**Data extract**
Segment Open

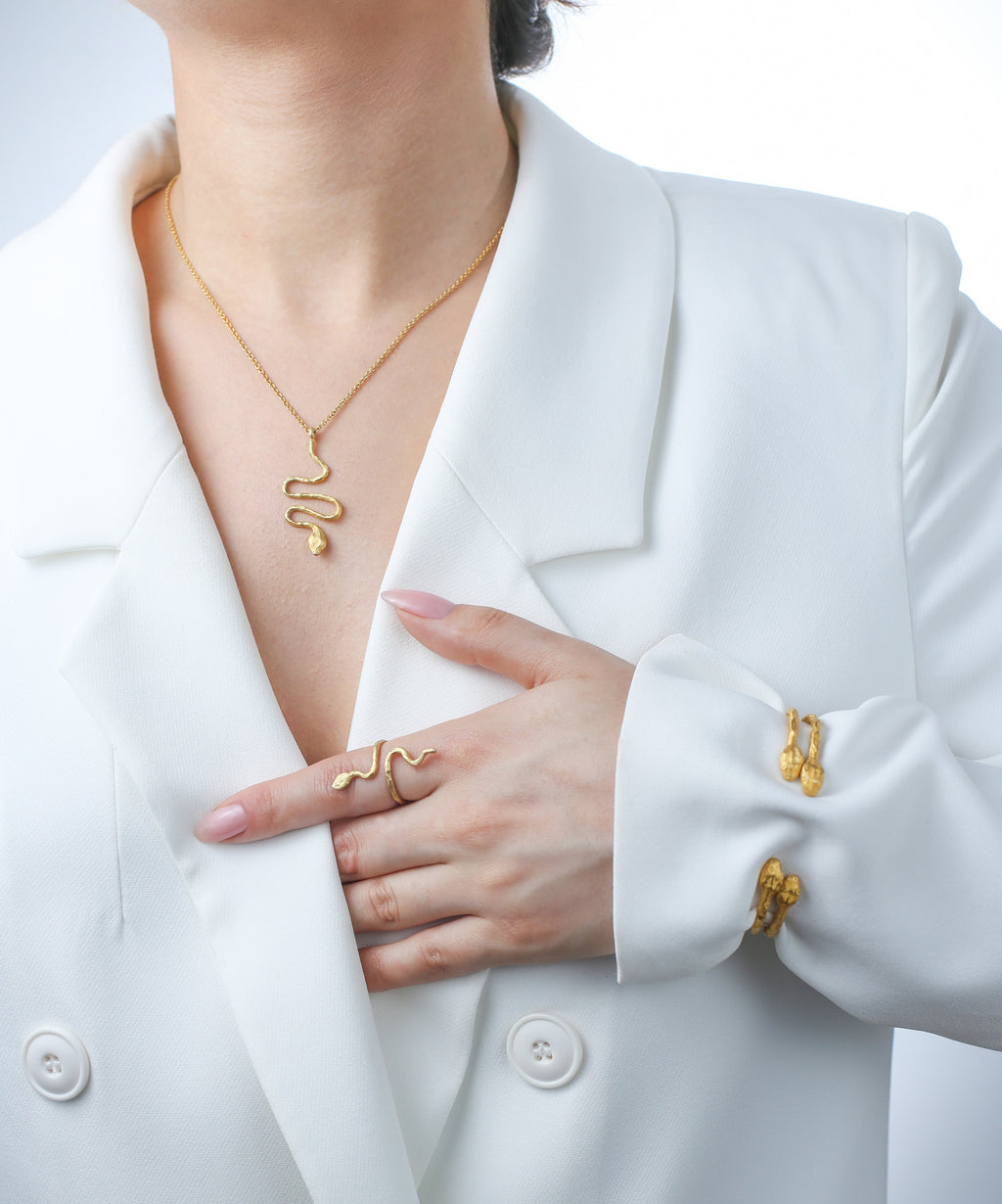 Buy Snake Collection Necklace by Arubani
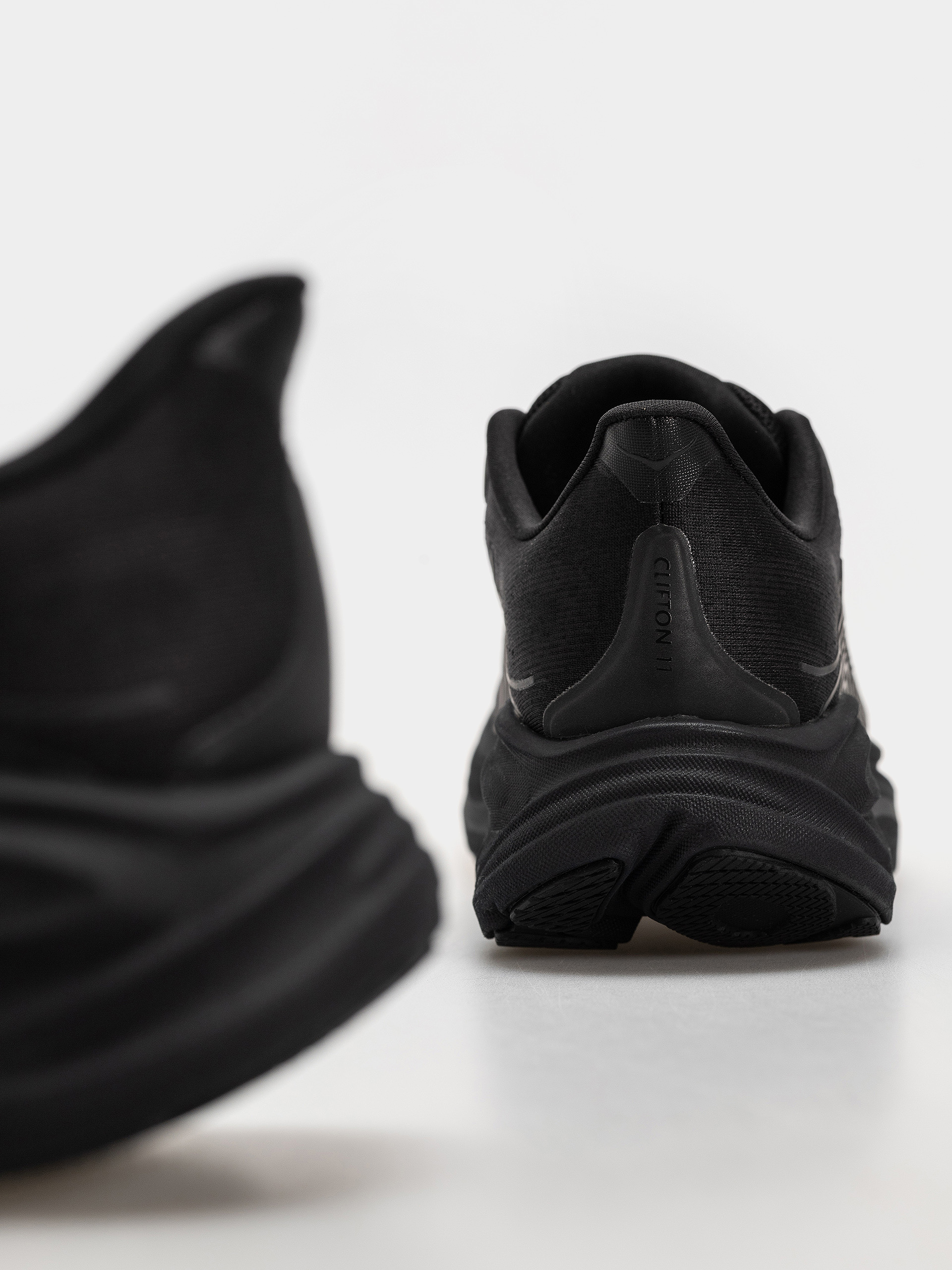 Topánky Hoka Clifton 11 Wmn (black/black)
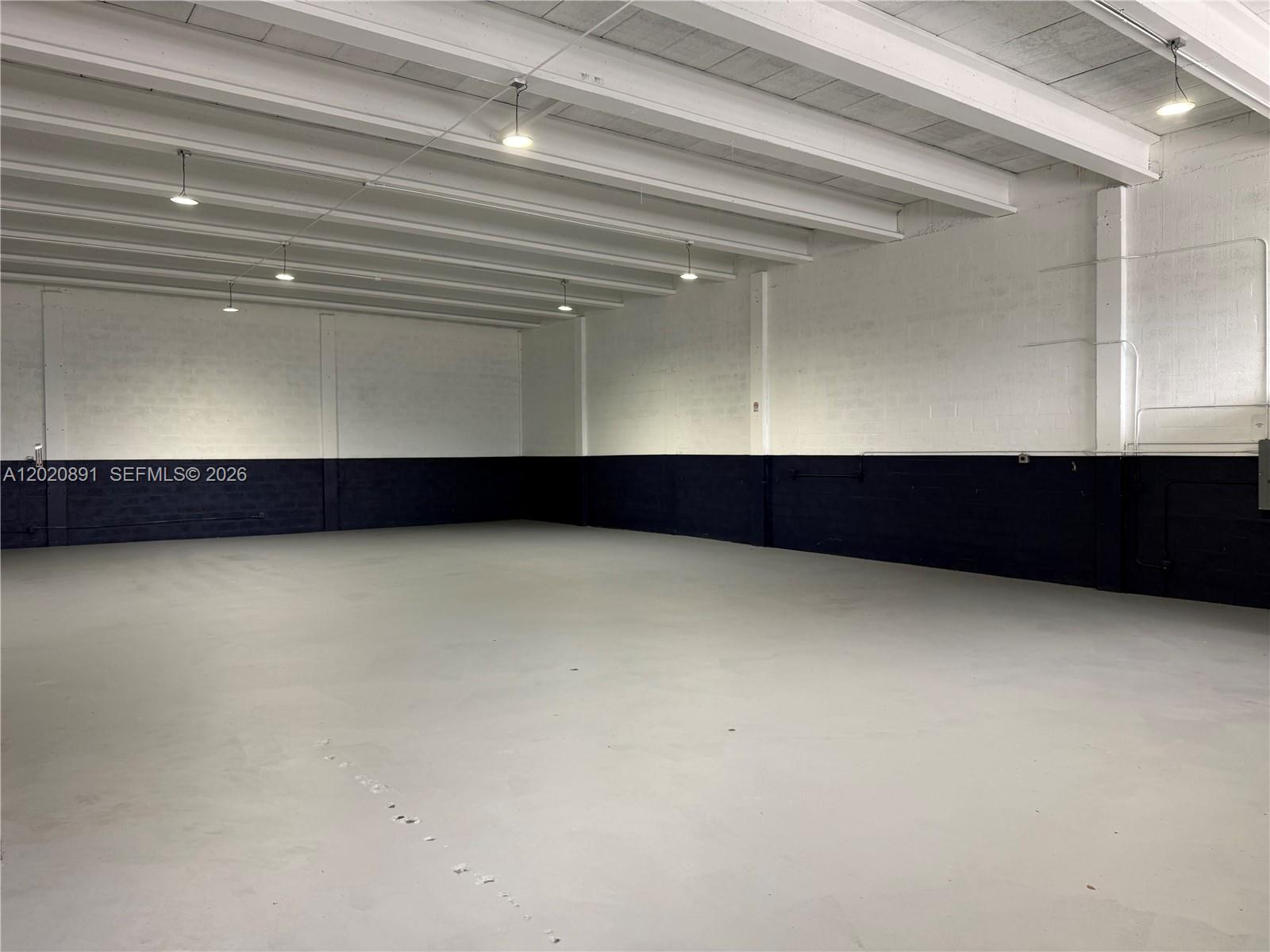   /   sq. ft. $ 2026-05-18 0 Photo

Segment Closed

Working from the material above, transcribe it exactly while omitting pictures.

**Response**
 Buy Snake Collection Necklace by Arubani
 Topánky Hoka Clifton 11 Wmn (black/black)
   /   sq. ft. $ 2026-05-18 0 Photo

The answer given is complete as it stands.